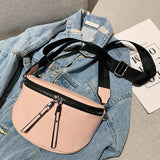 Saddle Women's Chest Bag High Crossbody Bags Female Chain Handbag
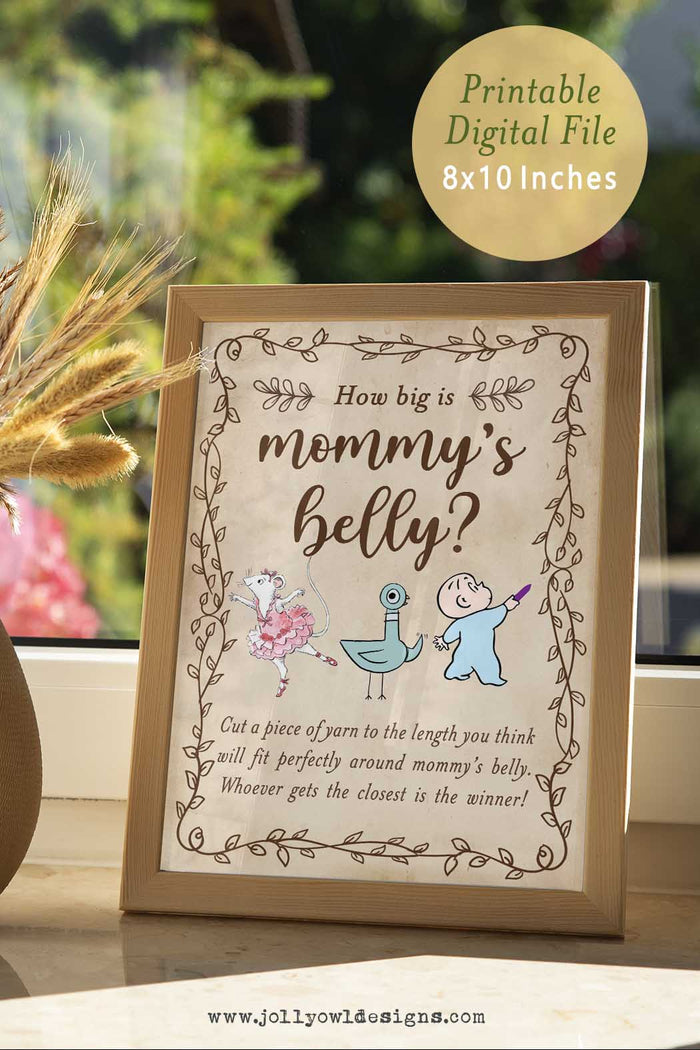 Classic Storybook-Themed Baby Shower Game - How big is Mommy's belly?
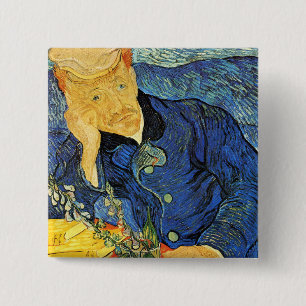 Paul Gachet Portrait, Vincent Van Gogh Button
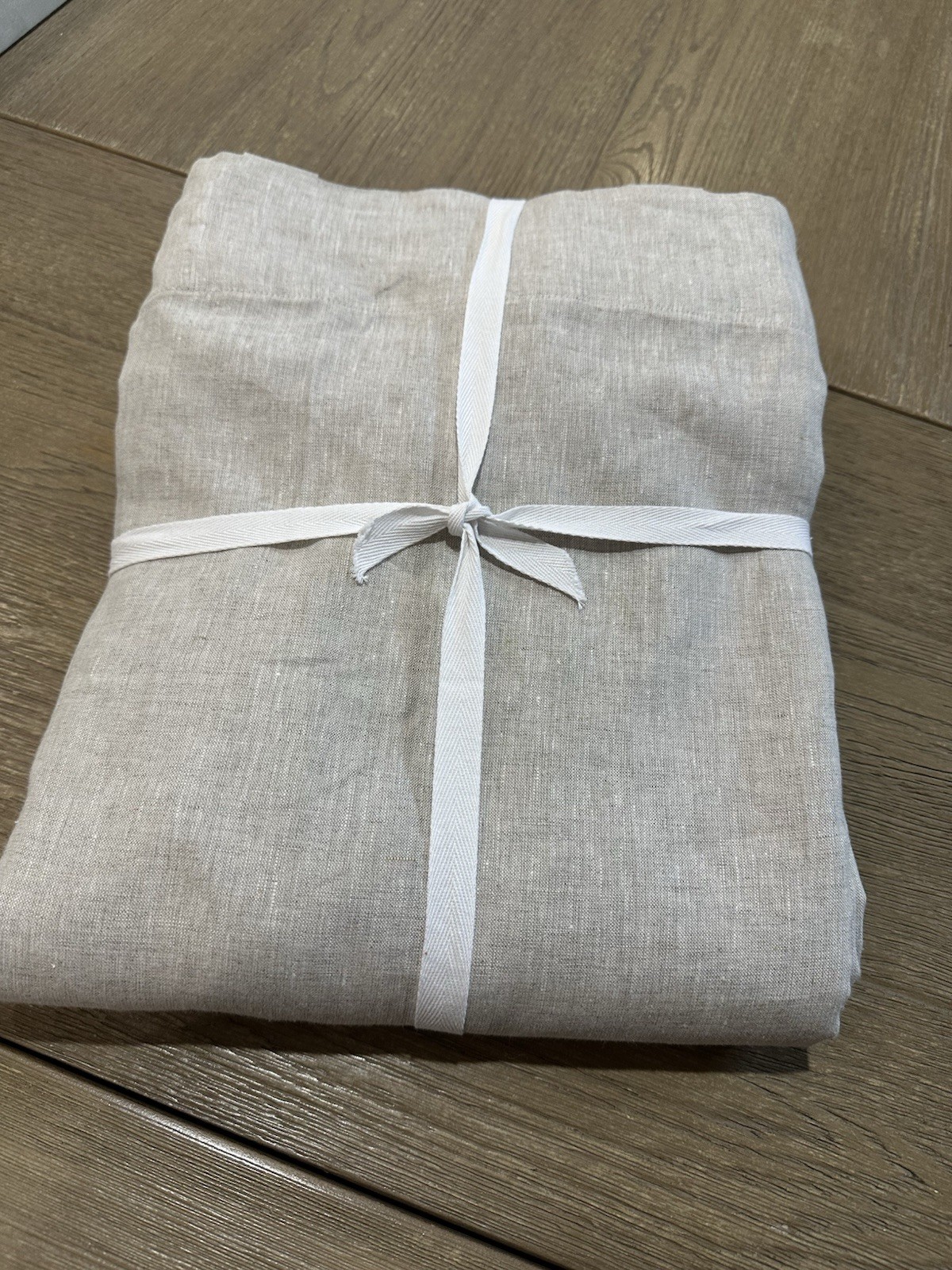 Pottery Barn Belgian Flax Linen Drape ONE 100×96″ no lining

========================================================================

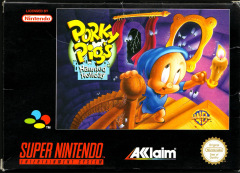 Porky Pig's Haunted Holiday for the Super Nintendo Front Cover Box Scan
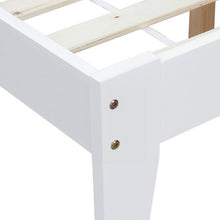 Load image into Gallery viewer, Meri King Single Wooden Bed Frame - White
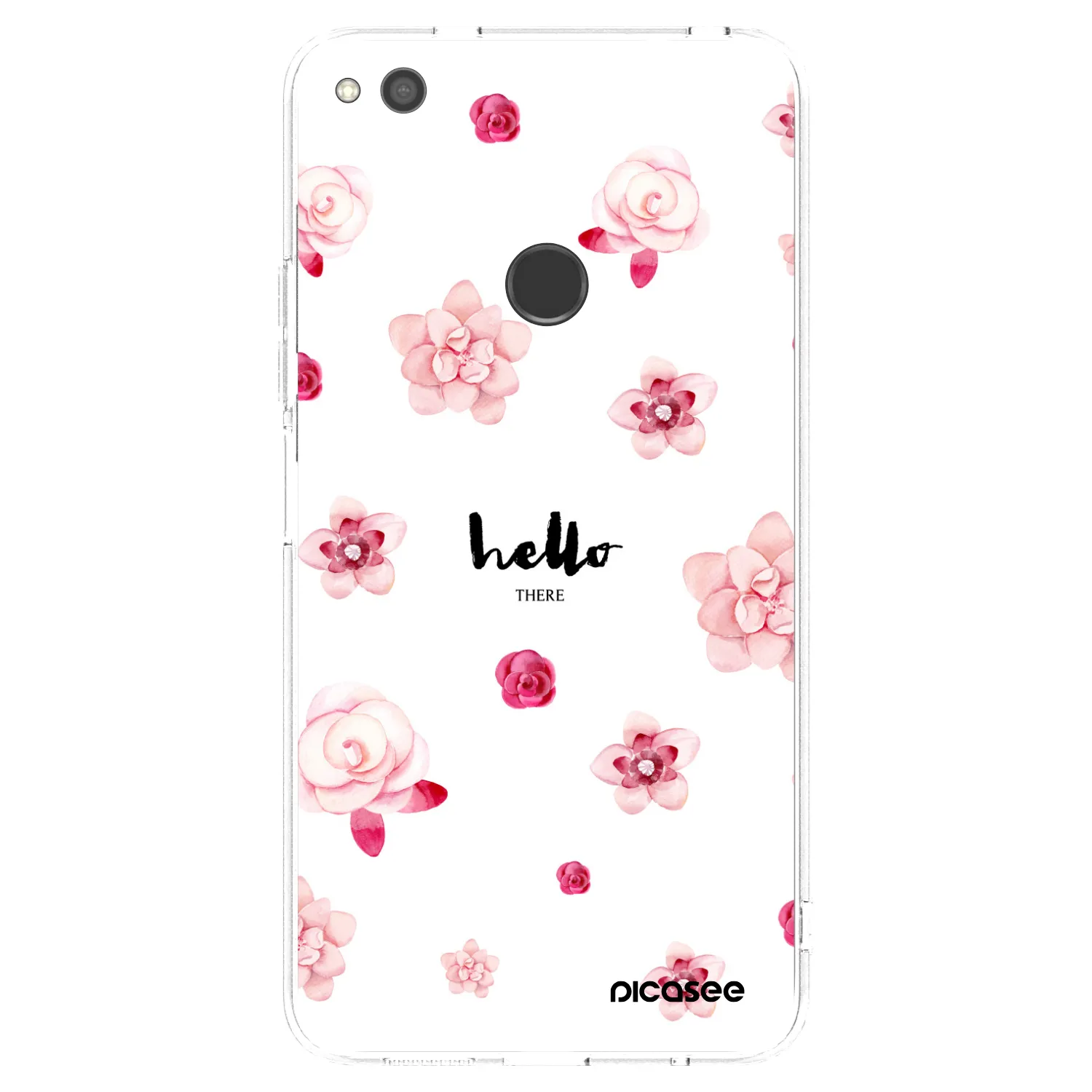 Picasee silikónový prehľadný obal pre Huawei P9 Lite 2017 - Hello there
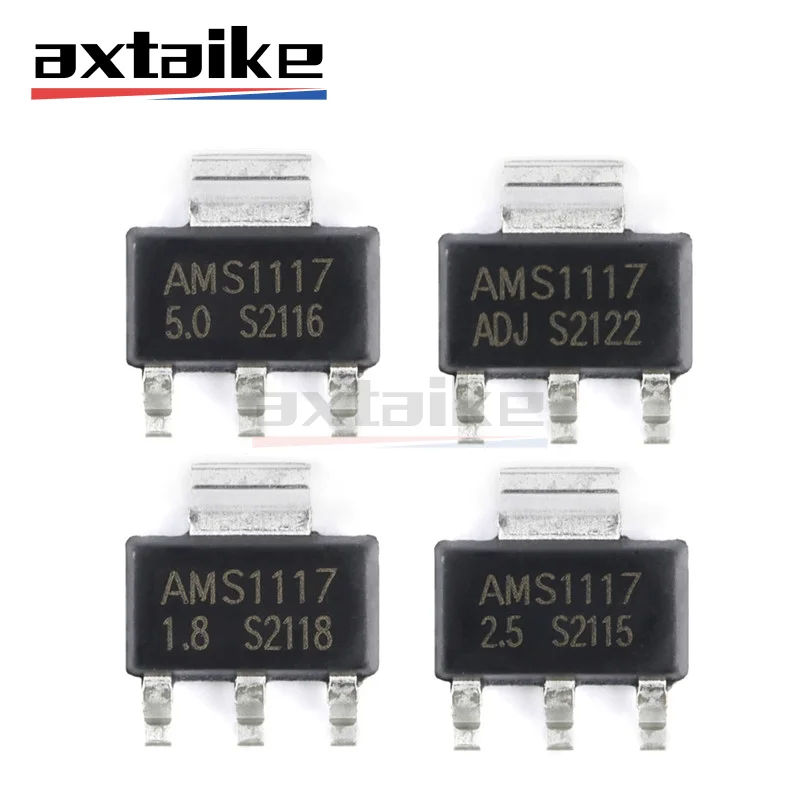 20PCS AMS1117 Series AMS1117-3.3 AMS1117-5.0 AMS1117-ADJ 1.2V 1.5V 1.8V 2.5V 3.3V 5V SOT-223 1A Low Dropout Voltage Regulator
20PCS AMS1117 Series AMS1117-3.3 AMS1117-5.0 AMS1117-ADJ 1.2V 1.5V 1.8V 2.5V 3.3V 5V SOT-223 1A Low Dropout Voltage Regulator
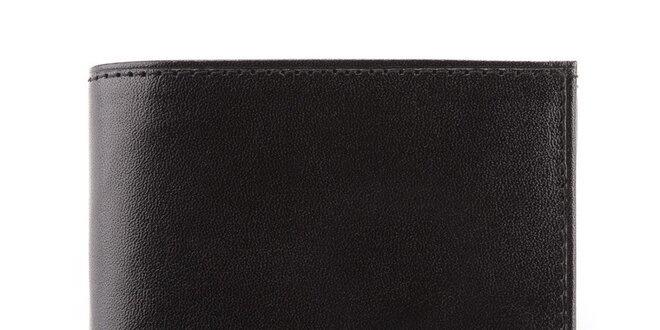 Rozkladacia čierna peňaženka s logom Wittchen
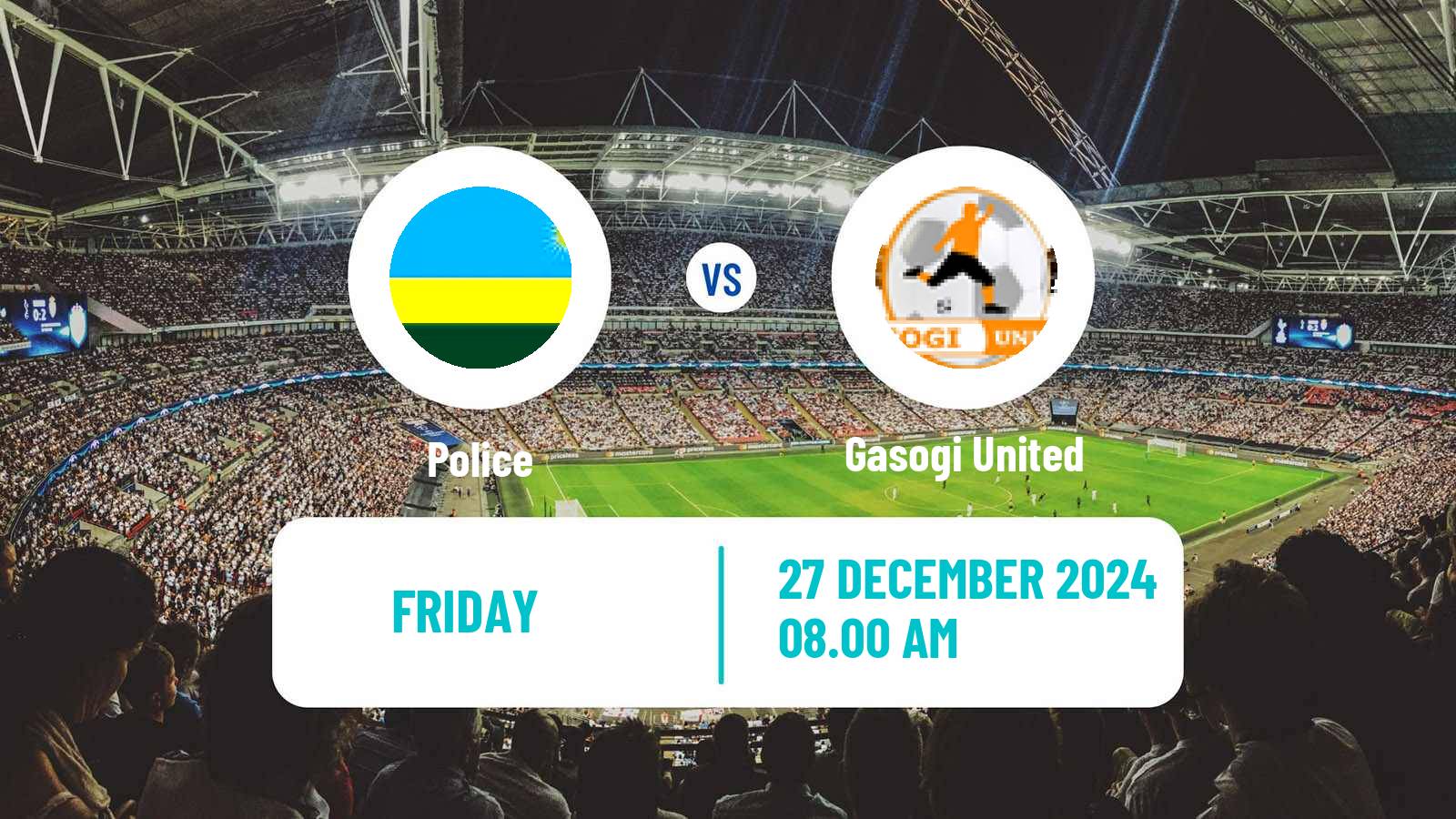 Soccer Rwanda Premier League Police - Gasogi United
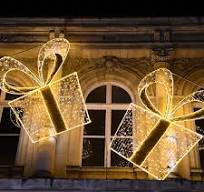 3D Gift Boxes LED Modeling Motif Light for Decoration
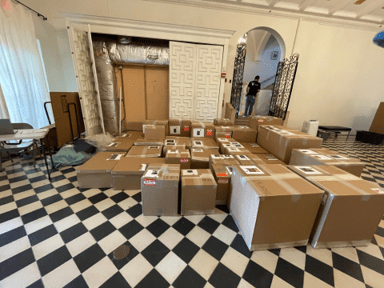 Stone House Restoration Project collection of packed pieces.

========================================================================

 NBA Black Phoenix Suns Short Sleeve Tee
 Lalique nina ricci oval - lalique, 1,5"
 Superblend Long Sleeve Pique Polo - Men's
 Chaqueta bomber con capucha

========================================================================

TASK PROMPT
With pictures excluded, reproduce exactly the lines above from the one containing "Load image into" down to the one containing "Stone House Restoration", those two included.

TASK RESULT
 Load image into Gallery viewer, Meri King Single Wooden Bed Frame - White
 Picasee silikónový prehľadný obal pre Huawei P9 Lite 2017 - Hello there
 20PCS AMS1117 Series AMS1117-3.3 AMS1117-5.0 AMS1117-ADJ 1.2V 1.5V 1.8V 2.5V 3.3V 5V SOT-223 1A Low Dropout Voltage Regulator
20PCS AMS1117 Series AMS1117-3.3 AMS1117-5.0 AMS1117-ADJ 1.2V 1.5V 1.8V 2.5V 3.3V 5V SOT-223 1A Low Dropout Voltage Regulator
 Rozkladacia čierna peňaženka s logom Wittchen
 Soccer Rwanda Premier League Police - Gasogi United
 3D Gift Boxes LED Modeling Motif Light for Decoration
 Stone House Restoration Project collection of packed pieces.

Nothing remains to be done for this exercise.